Firstly, by imposing limitations on the frequency of NFT sales or trades, the worth of rare NFTs can be safeguarded. For example, in auctions, limiting the round of bids for a coveted item can uphold its premium price (especially in the Dutch Auction). Similarly, in the intellectual property sector, patents could be bounded by a finite number of transfers prior to becoming freely accessible (entering CC0). In the gaming sphere, items like weapons, apparel, and vehicles might possess a finite lifespan, with each usage or exchange contributing to wear and tear, culminating in automatic decommissioning (burn) upon reaching a predetermined threshold.

Secondly, enforcing restrictions on trading frequency can enhance network security and stability by mitigating the risks associated with malicious NFT arbitrage, including high-frequency trading (HFT). While this presents a common vulnerability, the lack of easily deployable and effective methods to address it has been notable, making our approach particularly valuable.

Additionally, limiting the round of transfers can mitigate the economic risks associated with (re)staking NFTs, thereby curbing potential bubbles. With the rapid evolution of restaking mechanisms, it's foreseeable that users may soon engage in multiple rounds of NFT staking (e.g., NFT → stNFT → st^2NFT), akin to staking liquidity tokens with third-party platforms like EigenLayer (Ethereum), Babylon (Bitcoin), and Picasso (Solana).

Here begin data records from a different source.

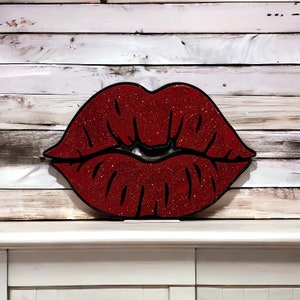 May include: Red glitter lips with a black outline, displayed on a white wood background.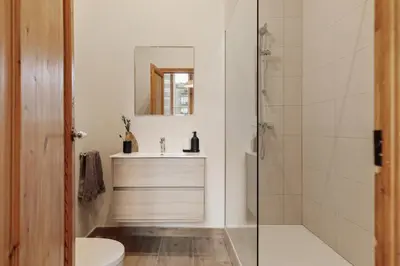 a white bathroom with a sink and a shower at Kaax - 3 bedrooms and balcony in Eixample in Barcelona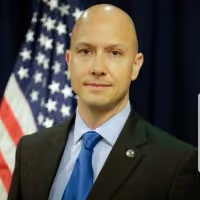 Man in suit and blue tie standing in front of an American flag and dark curtain.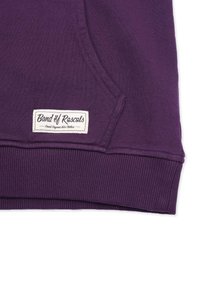 Lila ekologisk bomullshoodie med känguruficka, ribbat nederfoder och en vävd etikett med "Band of Rascals" och produktinformation.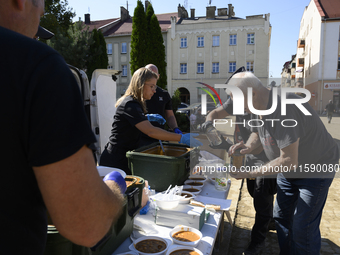 An elderly man receives food in the flood-hit town of Glucholazy, Poland, on September 20, 2024. (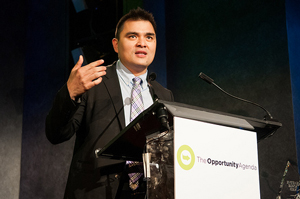 A photograph of Jose Antonio Vargas giving a speech. He is wearing business attire, and standing behind a podium.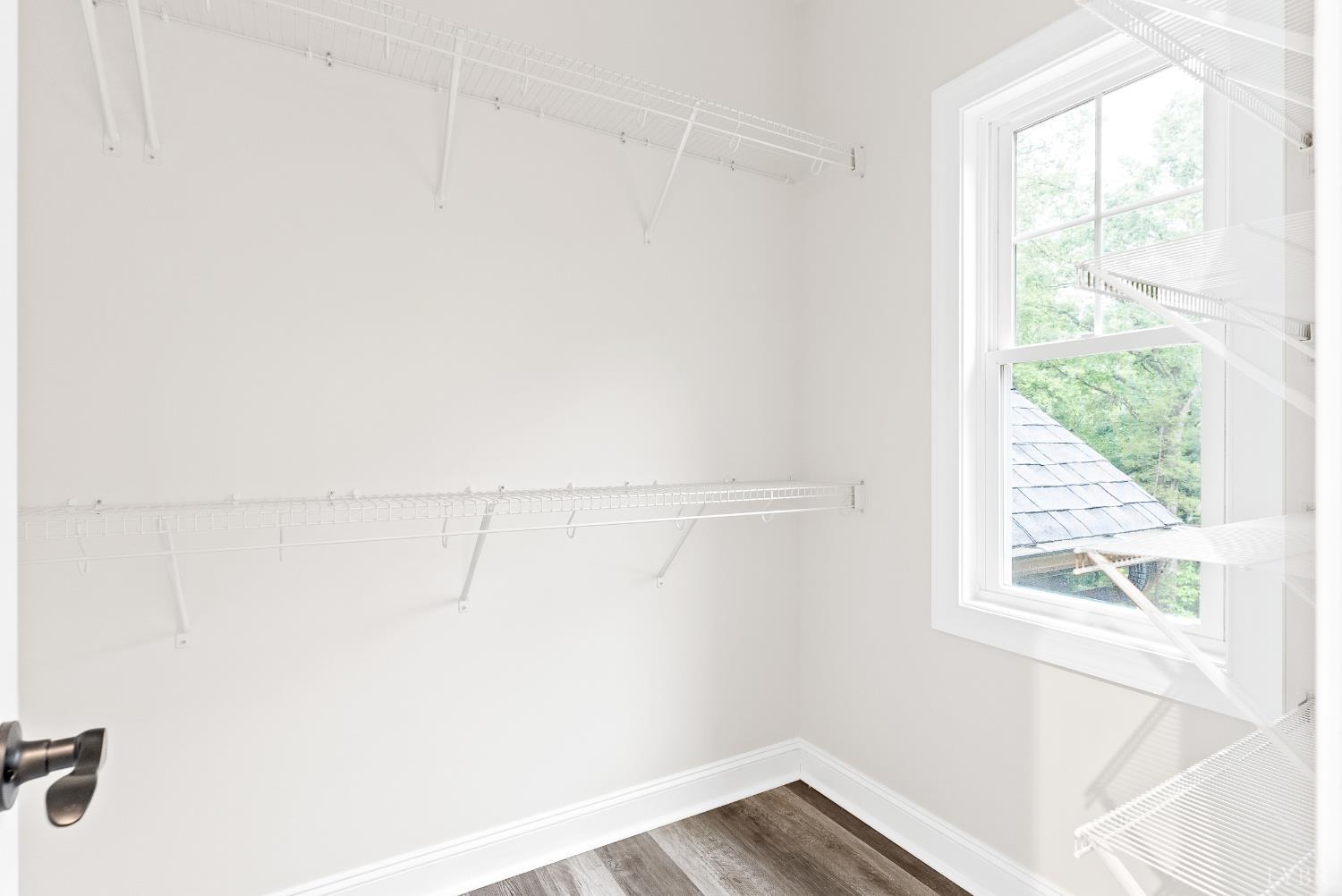 5610 Old Cifax Road Goode, VA 24556 - Photo 22 of 49 a view of a small space with racks on the wall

Notably, the current setup of EigenLayer employs an NFT as the restaking position (a type of proof-of-restake) for participants. Should this NFT be restaked repeatedly into the market, it could amplify leverage and exacerbate bubble dynamics. By imposing limits on the number of stake iterations, we can proactively prevent the emergence of Ponzi-like dynamics within staking ecosystems.

Key Takeaways

This standard provides several advantages:

Controlled Value Preservation: By allowing minters to set customized transfer limits for NFTs, this standard facilitates the preservation of value for digital assets Just as physical collectibles often gain or maintain value due to scarcity, limiting the number of transfers for an NFT can help ensure its continued value over time.

Ensuring Intended Usage: Setting transfer limits can ensure that NFTs are used in ways that align with their intended purpose. For example, if an NFT represents a limited-edition digital artwork, limiting transfers can prevent it from being excessively traded and potentially devalued.

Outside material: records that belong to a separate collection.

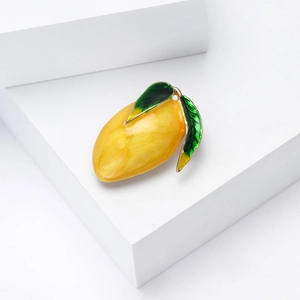 Cute mango shaped enamel brooch pin with yellow fruit and green leaf on white pedestal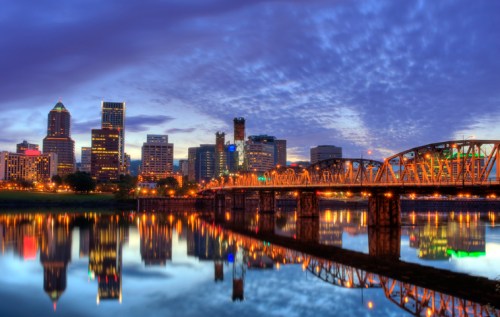 City skyline at dusk with illuminated buildings and a bridge reflected in the water below.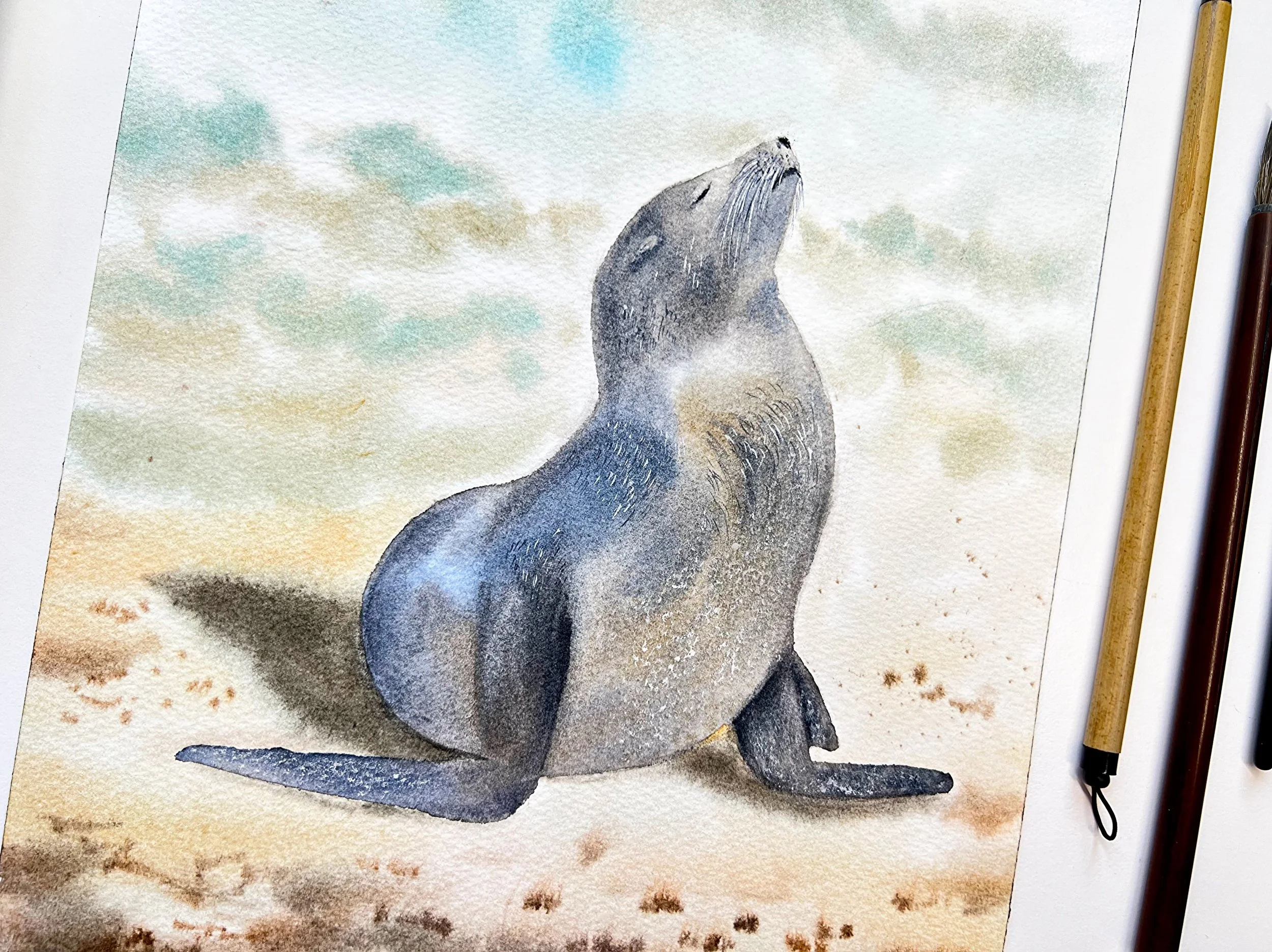 Close up of an original watercolor features a gentle Sunbathing Seal on the beach, painted in impressionistic style. in a setting with the original art supplies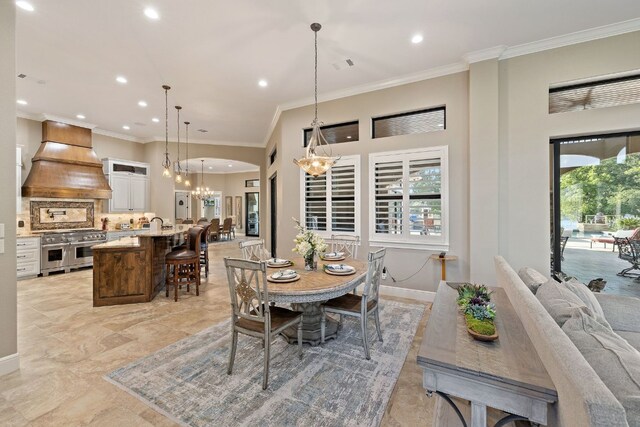 911 Legends Pkwy, Kingsland, TX 78639 - dining area with a chandelier, recessed lighting, ornamental molding, and baseboards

Expanding Use Cases: These enhancements broaden the potential applications of NFTs by offering more control and flexibility to creators and owners. For instance, NFTs could be used to represent memberships or licenses with limited transferability, opening up new possibilities for digital ownership models.

Easy Integration: To ensure broad adoption and ease of integration, this standard extends the existing ERC-721 interface. By defining a separate interface (IERC7634) that includes the new functions, the standard allows existing ERC-721 contracts to adopt the new features with minimal changes. This approach promotes backward compatibility and encourages the seamless incorporation of transfer limits into current NFT projects.

Specification


The key words “MUST”, “MUST NOT”, “REQUIRED”, “SHALL”, “SHALL NOT”, “SHOULD”, “SHOULD NOT”, “RECOMMENDED”, “MAY”, and “OPTIONAL” in this document are to be interpreted as described in RFC 2119.

  • setTransferLimit: a function establishes the transfer limit for a tokenId.
  • transferLimitOf: a function retrieves the transfer limit for a tokenId.
  • transferCountOf: a function returns the current transfer count for a tokenId.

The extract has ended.